Data entries
*** Block opens ***

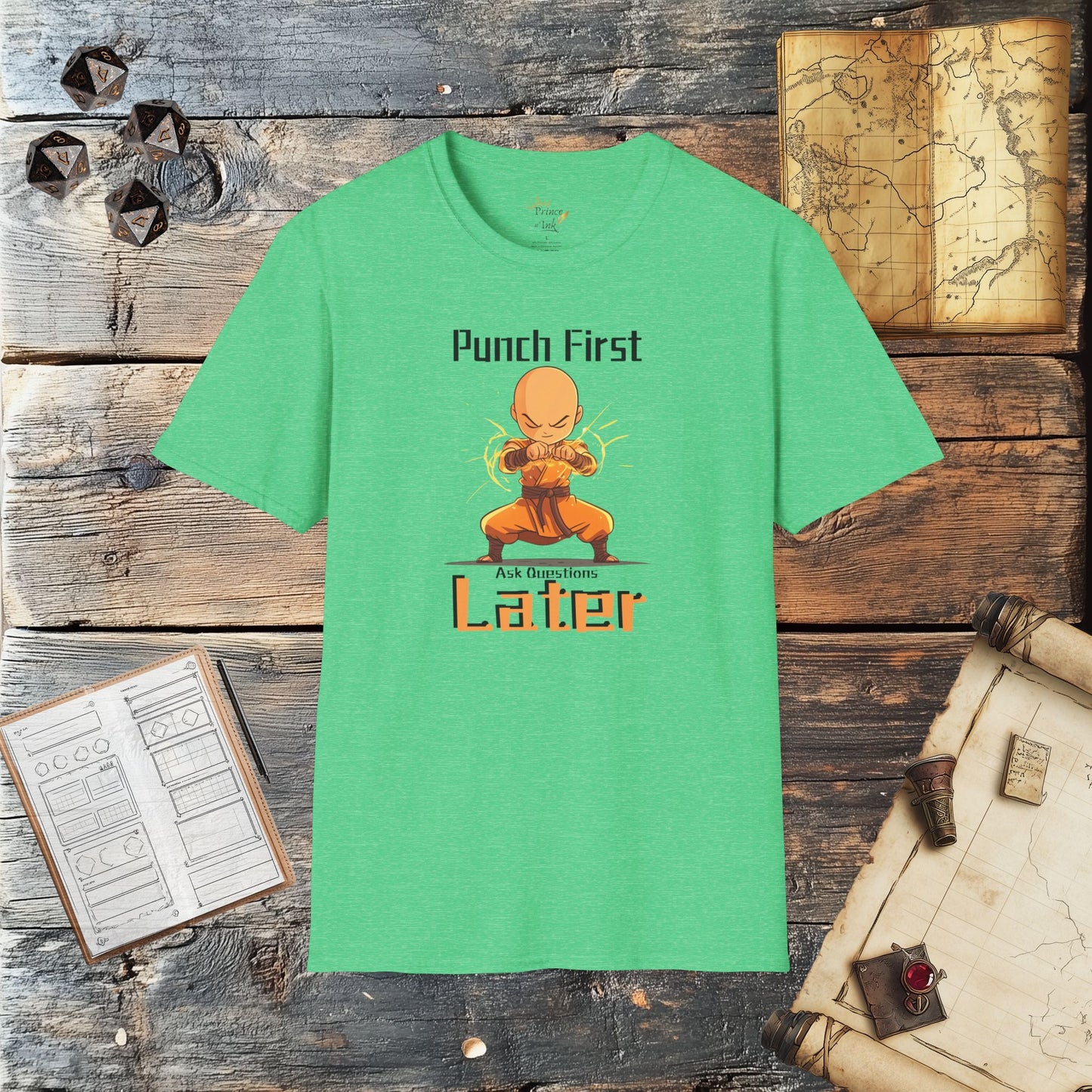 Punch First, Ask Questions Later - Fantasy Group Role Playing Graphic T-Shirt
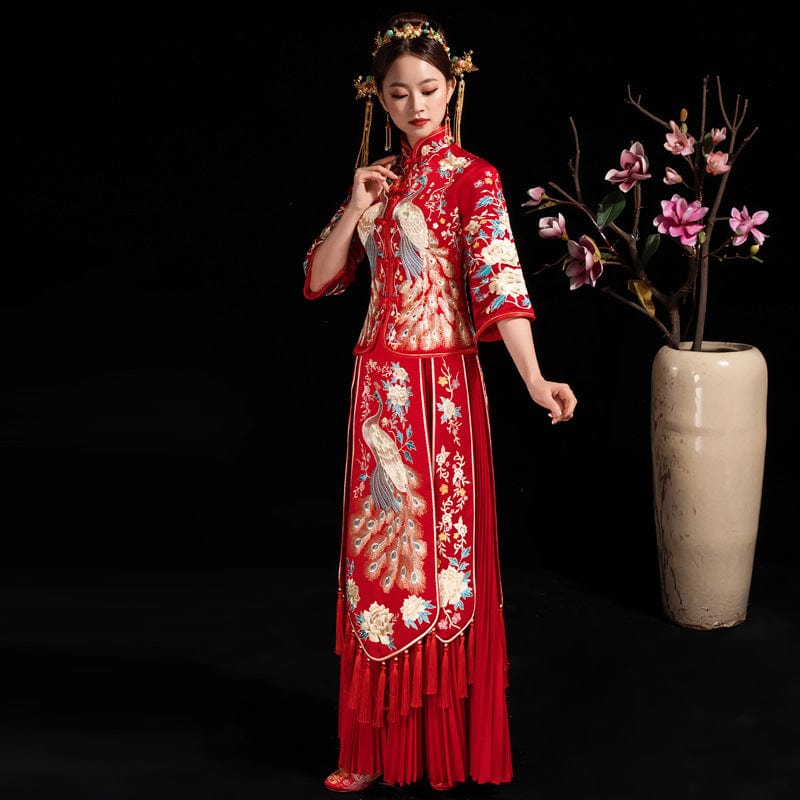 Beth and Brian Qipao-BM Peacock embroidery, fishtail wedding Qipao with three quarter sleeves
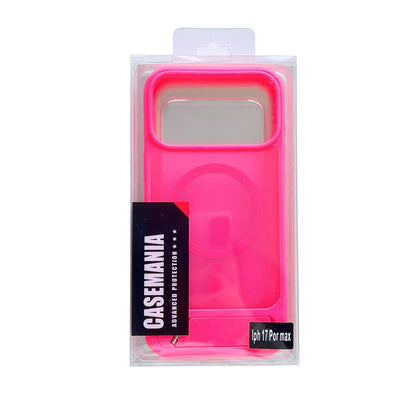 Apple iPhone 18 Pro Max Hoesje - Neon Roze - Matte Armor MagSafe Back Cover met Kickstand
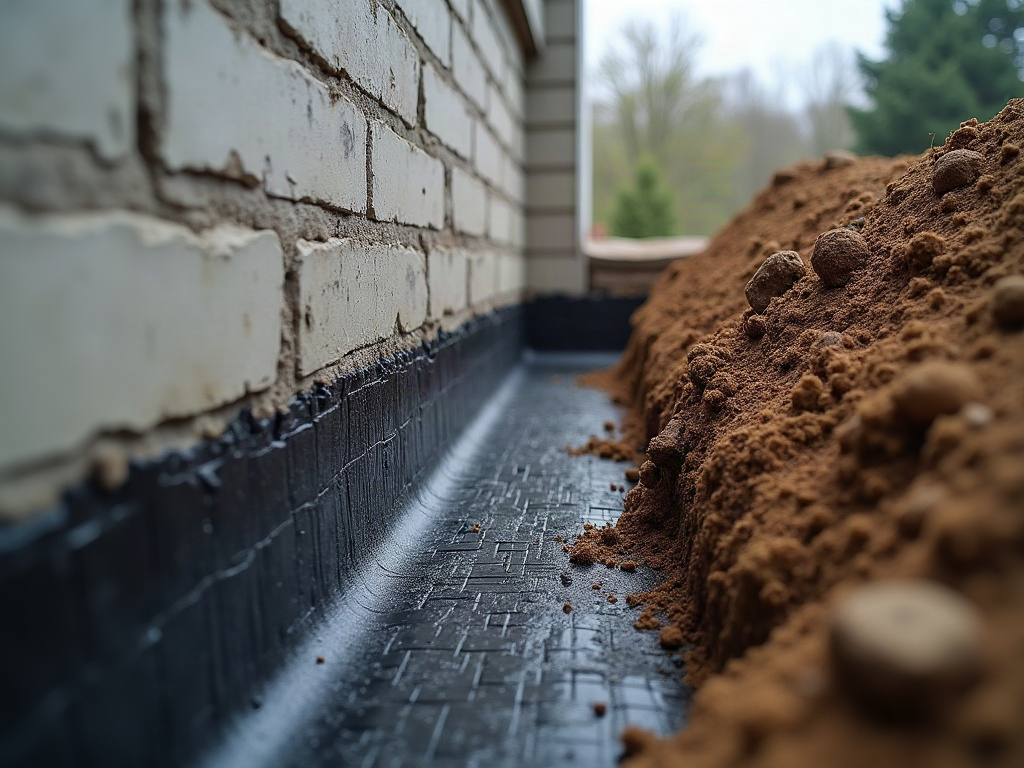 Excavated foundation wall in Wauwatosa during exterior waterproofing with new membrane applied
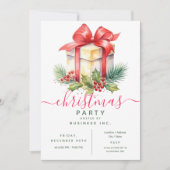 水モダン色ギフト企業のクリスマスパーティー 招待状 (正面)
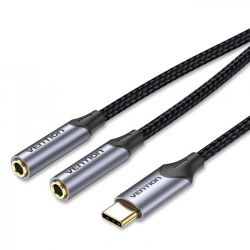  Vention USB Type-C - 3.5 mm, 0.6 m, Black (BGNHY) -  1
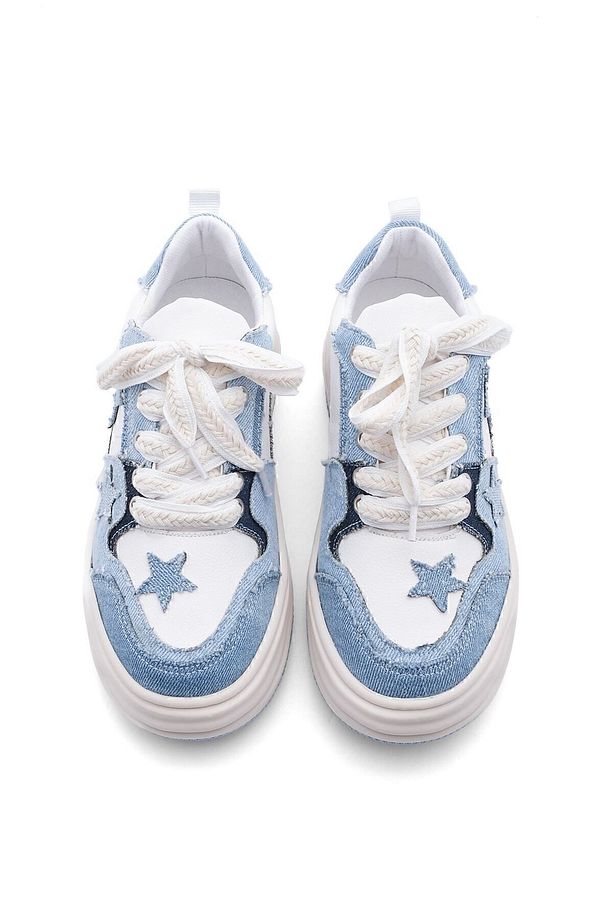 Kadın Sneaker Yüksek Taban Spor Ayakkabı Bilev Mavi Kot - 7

*** Block closes ***

- Directions for this task: The reply needs to repeat exactly the line containing "水モダン色ギフト企業のクリスマスパーティー 招待状 (正面)" and each line after it, through the final line of the entries above, and to skip the pictures.

- Completed exercise:
 水モダン色ギフト企業のクリスマスパーティー 招待状 (正面)
  Vention USB Type-C - 3.5 mm, 0.6 m, Black (BGNHY) -  1
 Kadın Sneaker Yüksek Taban Spor Ayakkabı Bilev Mavi Kot - 7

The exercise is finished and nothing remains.